Script runs when executed but fails when sourced

Original Title: Indirect parameter substitution breaks when the script is sourced (zsh)
zsh 5.7.1 (x86_64-apple-darwin19.0)
GNU bash, version 4.4.20(1)-release (x86_64-pc-linux-gnu)
I’m developing a shell script on a Mac and I’m trying to keep it portable between bash & zsh, so array indexing is a consideration. I know that I can set KSH_ARRAYS to get indexing to start at 0, but I decided to query the OS for the shell that’s in use and set the start index accordingly, which led to the issue described below.
It made sense (to me anyway!) to use indirect expansion, which is what led to the problem. Consider the script indirect.sh:
#! /bin/bash
declare -r ARRAY_START_BASH=0
declare -r ARRAY_START_ZSH=1
declare -r SHELL_BASH=0
declare -r SHELL_ZSH=1
# Indirect expansion is used to reference the values of the variables declared
# in this case statement e.g. ${!ARRAY_START}
case $(basename $SHELL) in
"bash" )
declare -r SHELL_ID=SHELL_BASH
declare -r ARRAY_START=ARRAY_START_BASH
;;
"zsh" )
declare -r SHELL_ID=SHELL_ZSH
declare -r ARRAY_START=ARRAY_START_ZSH
;;
* )
return 1
;;
esac
echo "Shell ID: ${!SHELL_ID} Index arrays from: ${!ARRAY_START}"

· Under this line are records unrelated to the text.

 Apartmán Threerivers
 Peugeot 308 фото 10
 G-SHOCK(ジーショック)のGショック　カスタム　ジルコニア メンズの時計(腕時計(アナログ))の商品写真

It works fine when run from the command line while in the same directory:
<my home> ~ % echo "$(./indirect.sh)"
Shell ID: 1 Index arrays from: 1
Problems arise when I source the script:
<my home> ~ % echo "$(. ~/indirect.sh)"
/Users/<me>/indirect.sh:28: bad substitution
I don’t understand why sourcing the script changes the behavior of the parameter expansion.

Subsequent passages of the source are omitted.